Ik liep door het winkelcentrum Hoog Catharijne (hadden we echt zoveel winkels nodig?) naar Utrecht Centraal. De NS had weer eens storing en deed twee uur over een traject van 70 km.
Noten
[1] Iemand die streefde naar afschaffing van de slavernij
[2] Een van oorsprong Surinaamse feestdag waarop de afschaffing van de slavernij wordt gevierd. Onder de Surinaamse premier Ferrier werd in 1955 1 juli als officiële feestdag ingevoerd.
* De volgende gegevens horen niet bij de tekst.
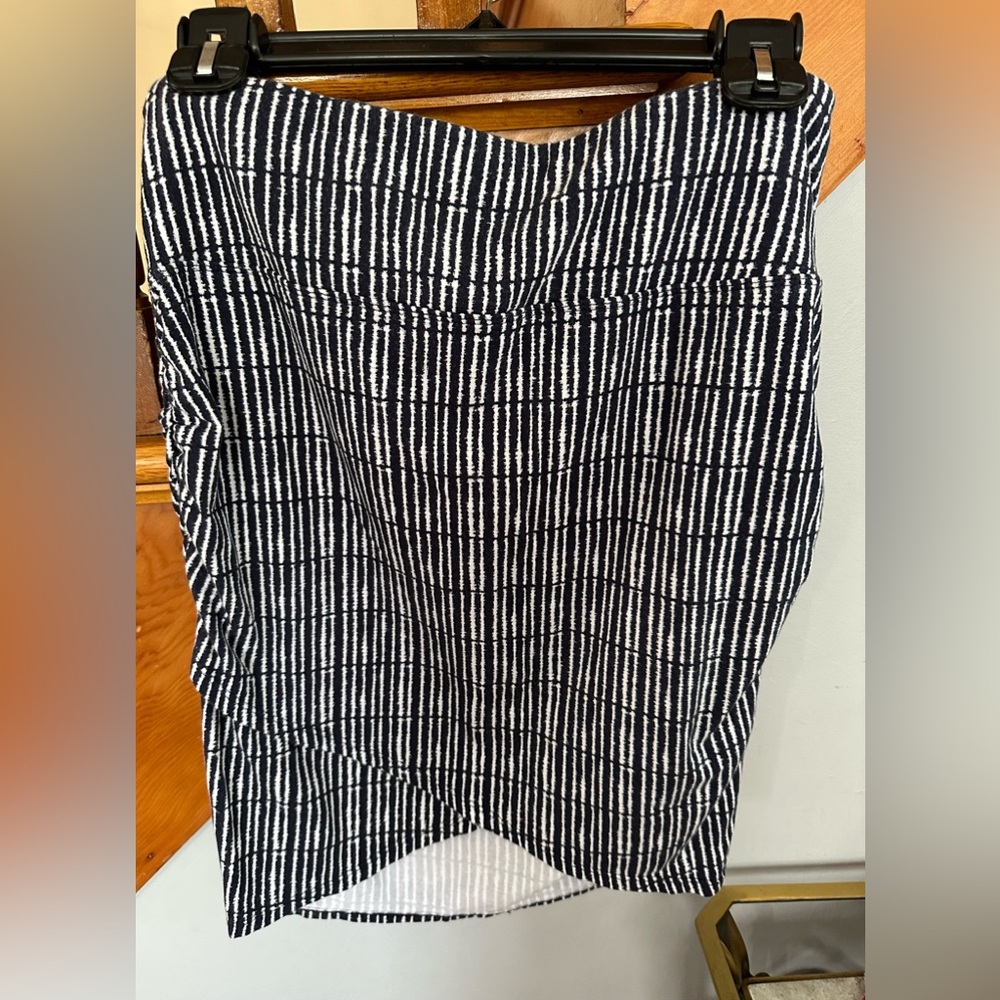 Athleta faux wrap skirt. Stretchy, worn 2x. Back is double lined. Flattering.
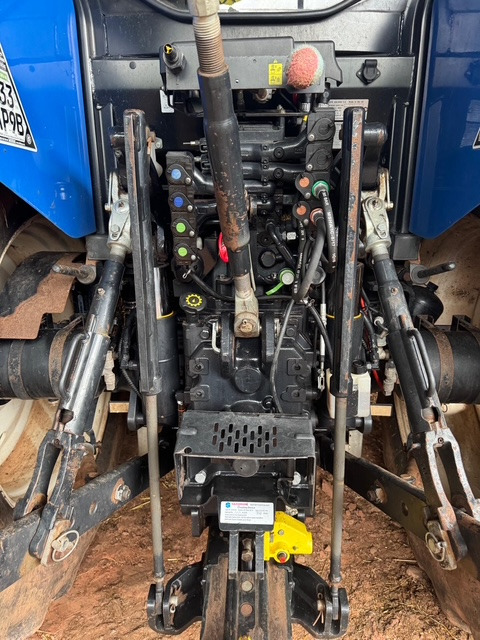 NEW HOLLAND T6.180 - Trator: foto 5 NEW HOLLAND T6.180 - Trator: foto 5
Tegenwoordig wordt deze dag in verschillende steden van Nederland vooral door Afro-Surinamers en Afro-Antillianen gevierd.
[3] Bron: Het koloniale Rijk van Nederland – illustratie red4tribe, lichtgroen: VOC, donkergroen: WIC, oranje: handelsposten.
[4] Liederen
[5] Wie meer wil lezen over de (uitstervende) Antilliaanse begrafenisrituelen kan, bijvoorbeeld, de Encyclopedie van de Nederlandse Antillen raadplegen (Elsevier Nederland N.V. Amsterdam-Brussel, 1969)
[6] De Antilliaanse naam ‘Domacassé’ is waarschijnlijk afgeleid van het Portugese ‘do Makassar’ (= uit Makassar, FdH)
[7] Men is, volgens Pijbe, zelfs bezig om de Bijbel om te zetten in de Arubaanse spelling
[8] ‘Kom’ is de omkering van ‘MOK’, de naam van de eigenaar van een plantage. Men had de gewoonte om de naam van bastaardkinderen een omkering van de echte naam te geven. Zo wordt ‘Schotborg’ op Curaçao ‘Borgschot’ en in Suriname wordt ‘Muller’ ‘Rellum’.